THE comments we are seeing around the Web aren't positive if/when they speak of the European Patent Office (EPO). The reputation is in tatters. It is the fault of the management, not the examiners' fault, as most of them are unwilling participants in this misguided and dangerous (to Europe and to the Office) agenda. The Frenchman António Campinos has done nothing different from his predecessor, who helped him get this job. It's merely an attitudinal (outward/public-facing) reform, not a concrete or practical one.
"Of course the EPO will do anything to deflect and distract from reality. Such decoy is the hallmark of Battistelli, who even created a programme that will give money to scholars in exchange for propaganda that serves the toxic agenda of his management."How much longer can the EPO carry on granting bogus patents? How much longer can the EPO carry on lying about the quality of such patents? "The German Federal Patent Court, in a recent decision, disallowed the extension of the supplementary protection certificates (SPC) regulation to an animal feed," said this article yesterday. It is hardly the exception because illegitimate European Patents, promoted by maximalists for profit, are perishing in court. All these bogus patents prove to be worthless, whereupon they're also nullified. SUEPO warned about it as recently as weeks ago. How many of these notorious European software patents stand a chance in court?

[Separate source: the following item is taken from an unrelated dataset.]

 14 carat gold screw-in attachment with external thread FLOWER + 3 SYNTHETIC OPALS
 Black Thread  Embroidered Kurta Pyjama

Of course the EPO will do anything to deflect and distract from reality. Such decoy is the hallmark of Battistelli, who even created a programme that will give money to scholars in exchange for propaganda that serves the toxic agenda of his management. Campinos continues this Battistelli tradition and over the past week we see it advertised almost every day. Here's yesterday's tweet: "Are you looking for funding for a research project on a patent-related topic? Apply for financial support from the EPO."
As long as you commend the naked emperor, money will be up for grabs. Whose money? Don't ask that question...

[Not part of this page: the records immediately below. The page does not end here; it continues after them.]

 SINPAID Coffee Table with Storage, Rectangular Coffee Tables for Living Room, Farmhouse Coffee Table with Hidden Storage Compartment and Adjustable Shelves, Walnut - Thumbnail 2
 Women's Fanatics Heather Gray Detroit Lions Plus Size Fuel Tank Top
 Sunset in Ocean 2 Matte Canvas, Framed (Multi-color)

"Learn more about the patent system with these free-of-charge courses," the EPO tweeted yesterday. "The first in this list," I've responded, "teaches people to pursue fake patents by calling them "AI" even though they're software patents national courts would reject. This isn't education; it's EPO propaganda/indoctrination..."
Neil Wilkof/Constance Leong (the former posting a guest post for the latter) meanwhile posted this IPOS puff piece; Singapore is still rushing examination of fake or worthless patents on software by riding a meaningless and misleading buzzword, "FinTech" (it's a country of finance and tax evasion, from which it derives much of its heavily-centralised wealth). Since we've remarked on reports like this before (and this particular buzzword), we need not deconstruct it again but merely point how that those are mere algorithms pertaining to something "financial". The U.S. Patent and Trademark Office (USPTO) dealt with such nonsensical patents in Bilski and Alice. From Wilkof/Leong:
The first year of Singapore’s fast track patent scheme, known as the FinTech Fast Track (“FTFT”), has progressed so well, it would seem, that the Intellectual Property Office of Singapore (“IPOS”) is extending it another year, until 25 April 2020.

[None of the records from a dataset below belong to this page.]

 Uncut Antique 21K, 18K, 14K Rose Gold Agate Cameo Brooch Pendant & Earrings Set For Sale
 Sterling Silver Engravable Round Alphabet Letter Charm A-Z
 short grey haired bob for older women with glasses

An example of how FTFT has sought to deliver on its promise to accelerate innovation is a digital technology company based in the Philippines, being granted the first accelerated patent under the scheme. After the filing of the application for fast-tracking in May 2018, together with a request for a Search and Examination Report, the applicant received the Search Report and a Written Opinion just one month later--in June 2018. Within another three months, by September 2018, a full substantive examination had been completed and found the patent application to be eligible for grant.
[...]
While the inaugural FTFT experience for IPOS has been a steep learning curve, its new-found success may boost its confidence in fast-tracking other emerging technologies. IPOS’s April recruitment drive for more patent examiners in the field of information and communications technology (ICT), computer science and engineering is a telling sign that it has an appetite for greater volume without compromising on patent examination standards.
Despite this, other competing technologies are burgeoning and may grow to surpass FinTech in importance in the foreseeable future. Hence, it remains to be seen if FTFT will be prolonged much further, beyond its current extension.